*Exercise description:* Write out word for word each line of the records, beginning at the first and stopping after the line with "Organic egg benedict with salad". Leave the pictures out.

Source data

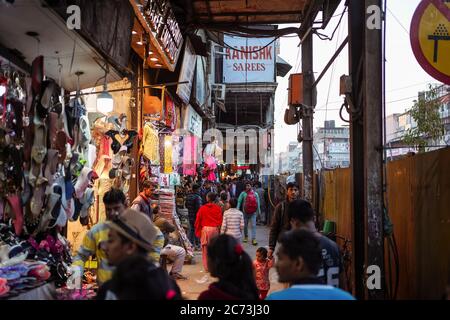 New Delhi / India - February 18, 2020: crowd walking in commercial covered street of Delhi Stock Photo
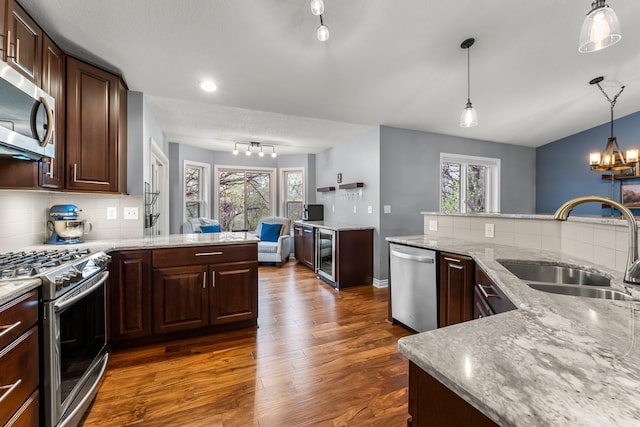 kitchen with dark wood-style floors, plenty of natural light, a sink, backsplash, and stainless steel appliances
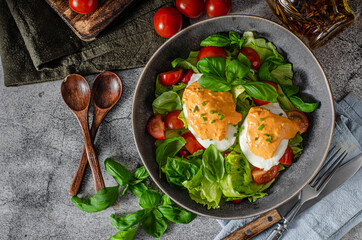 Organic egg benedict with salad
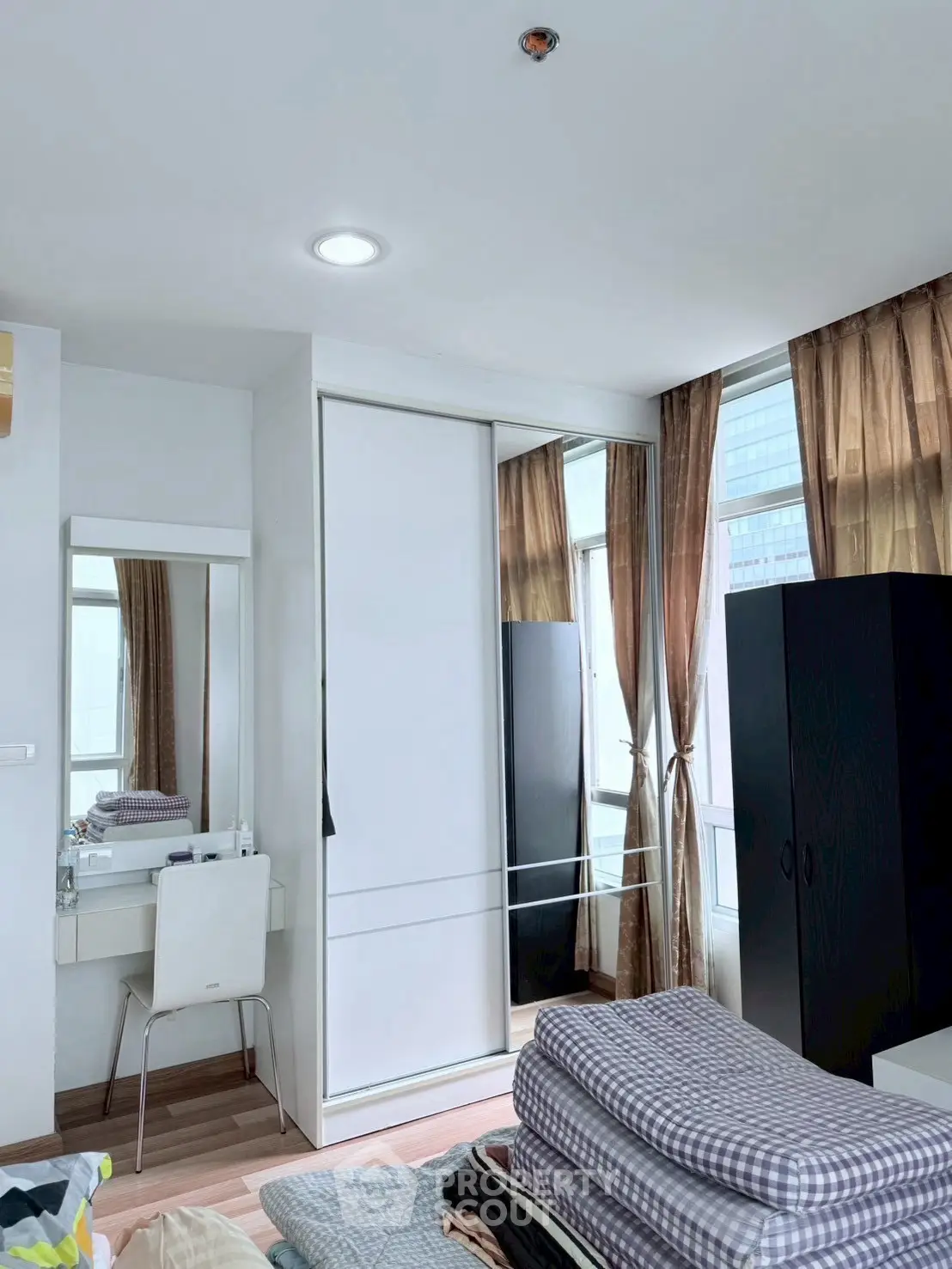 Modern bedroom with mirrored closet and natural light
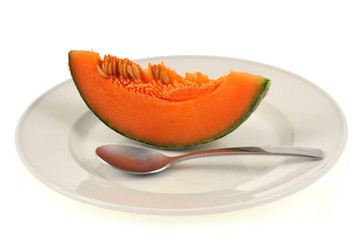 Tranche de melon avec ses pépins dans une assiette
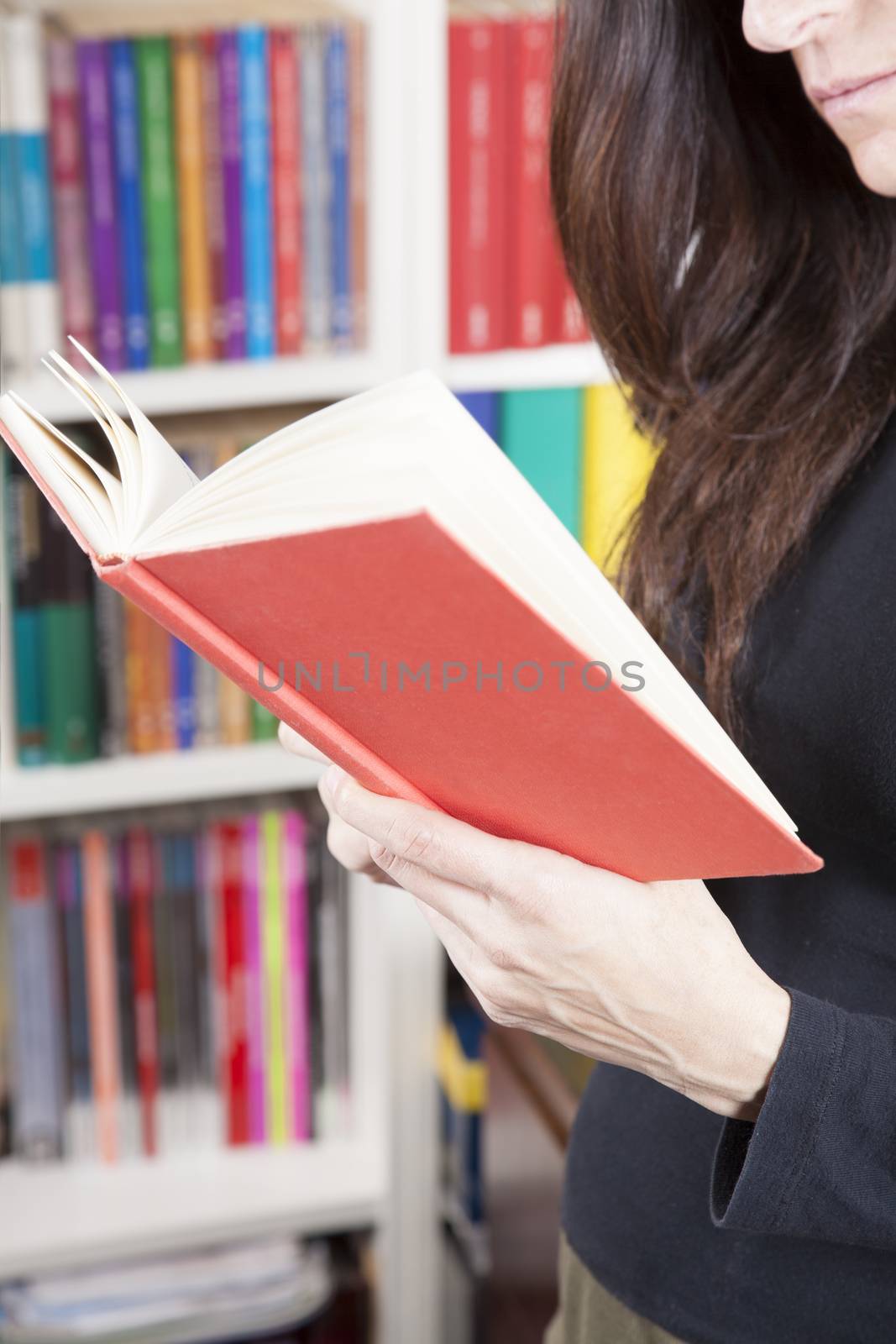 red book in black shirt brunette woman hand over library background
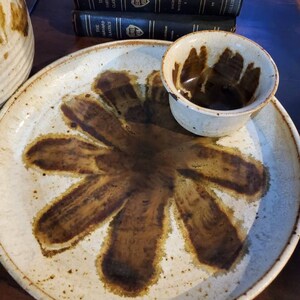 May include: A white ceramic serving dish with a brown flower design. The dish is slightly raised around the edges and has a small, white ceramic bowl in the center.
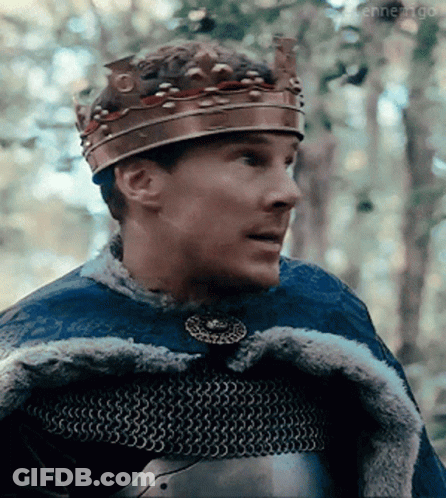 Man Wearing Crown And Chain Mail Looking Right GIF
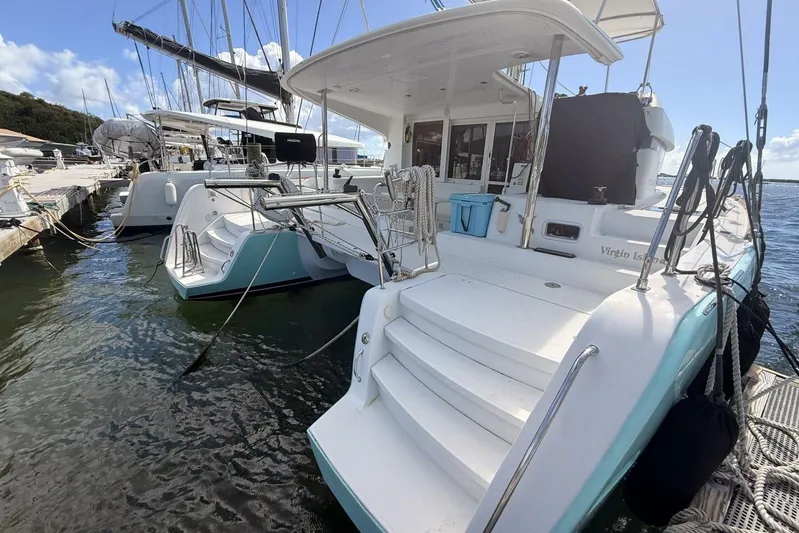 Zun Zun Yacht Photos Pics 2014 Lagoon 39 catamaran docked at marina, featuring spacious deck and modern design.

*Answer box:*
 New Delhi / India - February 18, 2020: crowd walking in commercial covered street of Delhi Stock Photo
 kitchen with dark wood-style floors, plenty of natural light, a sink, backsplash, and stainless steel appliances
 Organic egg benedict with salad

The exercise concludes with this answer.